Saved data entries
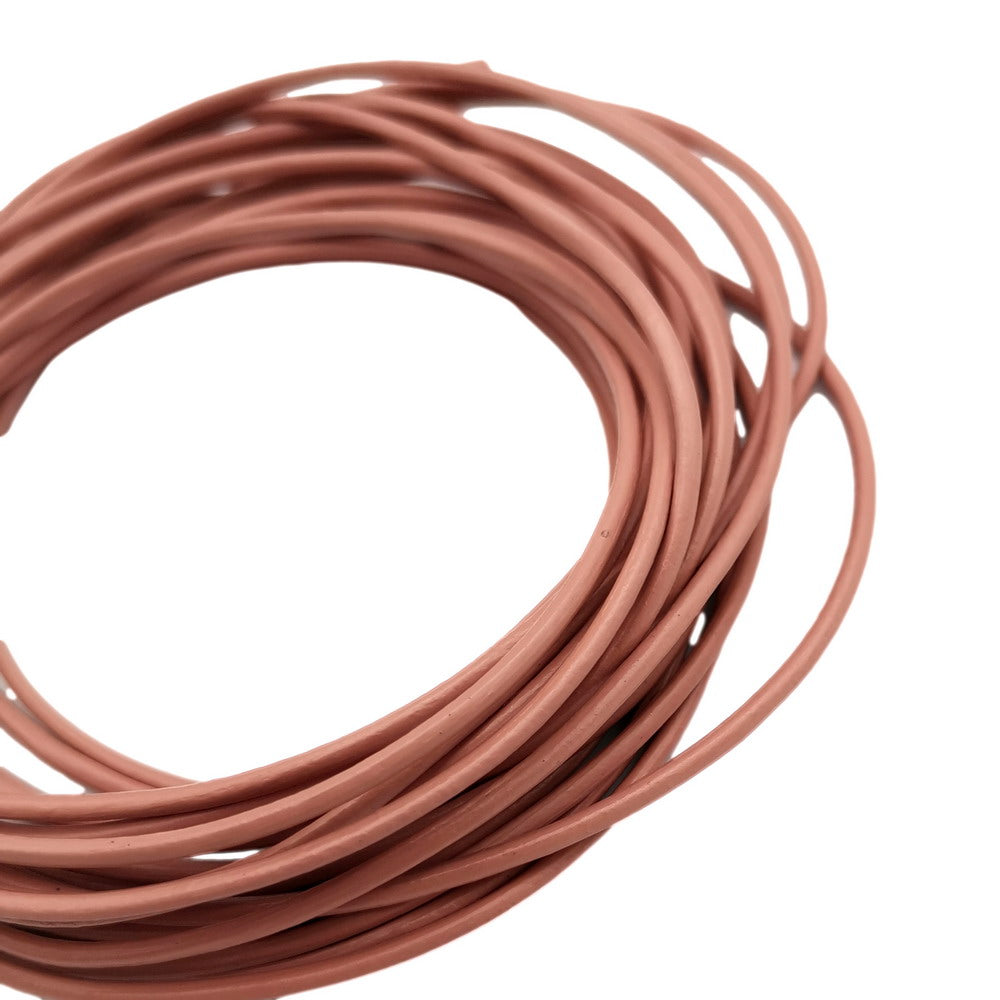 ShapesbyX Sienna Cordons ronds en cuir véritable de 2 mm pour la fabrication de bijoux en collier, bracelet et pendentif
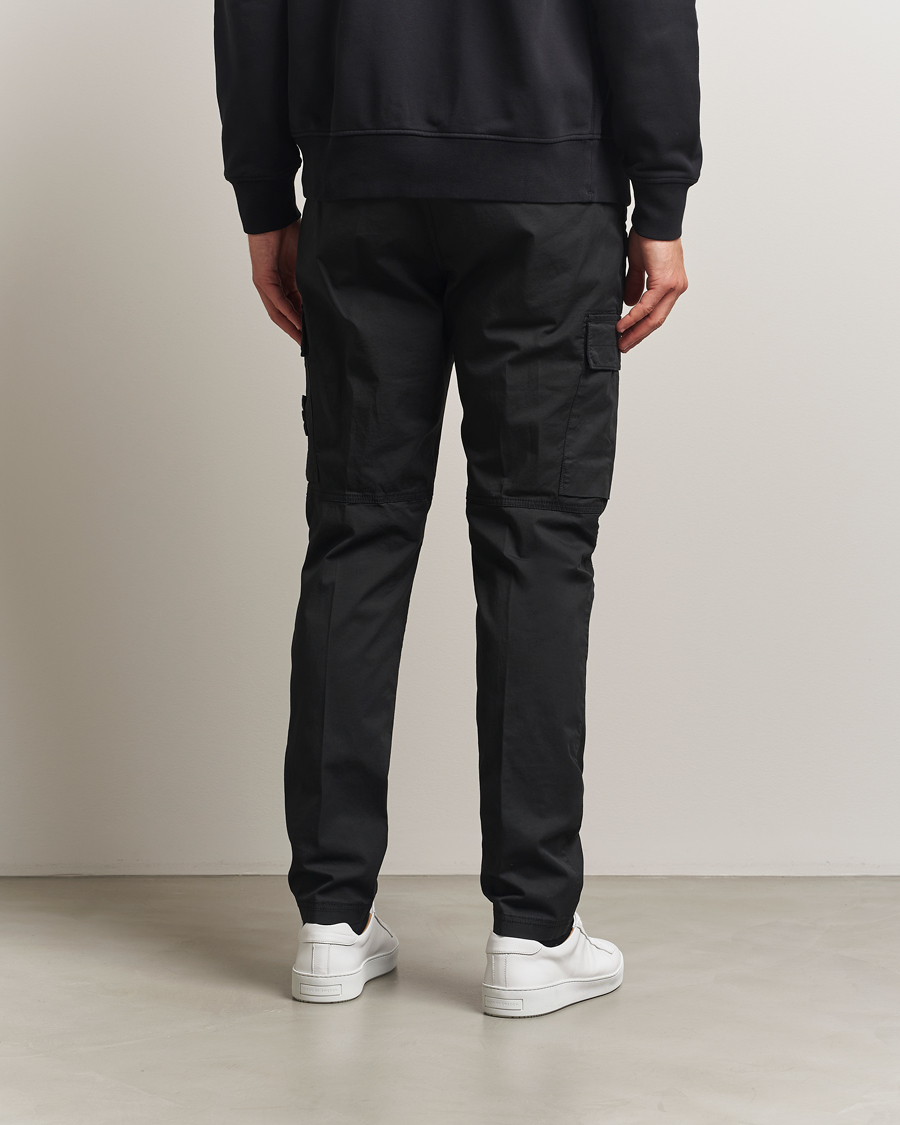 Mies | Housut | Stone Island | Supima Cotton Stretch Cargo Trousers Black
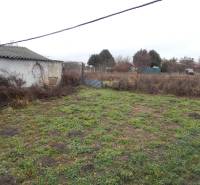 Családi ház kertje Dunamocs mellett füves és földes területtel.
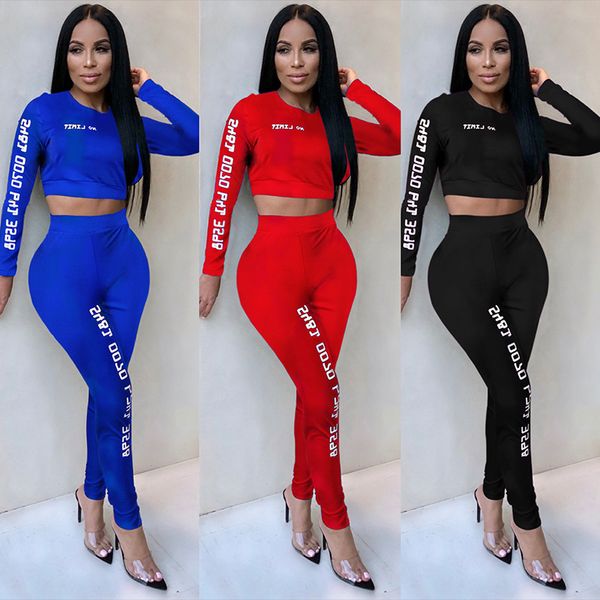 two piece set crop long sleeve tracksuit women letter print workout track suit sportswear sportsuit high waist pants fitness, White
two piece set crop long sleeve tracksuit women letter print workout track suit sportswear sportsuit high waist pants fitness, White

Problem to solve -> Exact copies of the entries above are needed, with every picture removed.

Solution to this problem ->
 ShapesbyX Sienna Cordons ronds en cuir véritable de 2 mm pour la fabrication de bijoux en collier, bracelet et pendentif
 Mies | Housut | Stone Island | Supima Cotton Stretch Cargo Trousers Black
 Családi ház kertje Dunamocs mellett füves és földes területtel.
 two piece set crop long sleeve tracksuit women letter print workout track suit sportswear sportsuit high waist pants fitness, White
two piece set crop long sleeve tracksuit women letter print workout track suit sportswear sportsuit high waist pants fitness, White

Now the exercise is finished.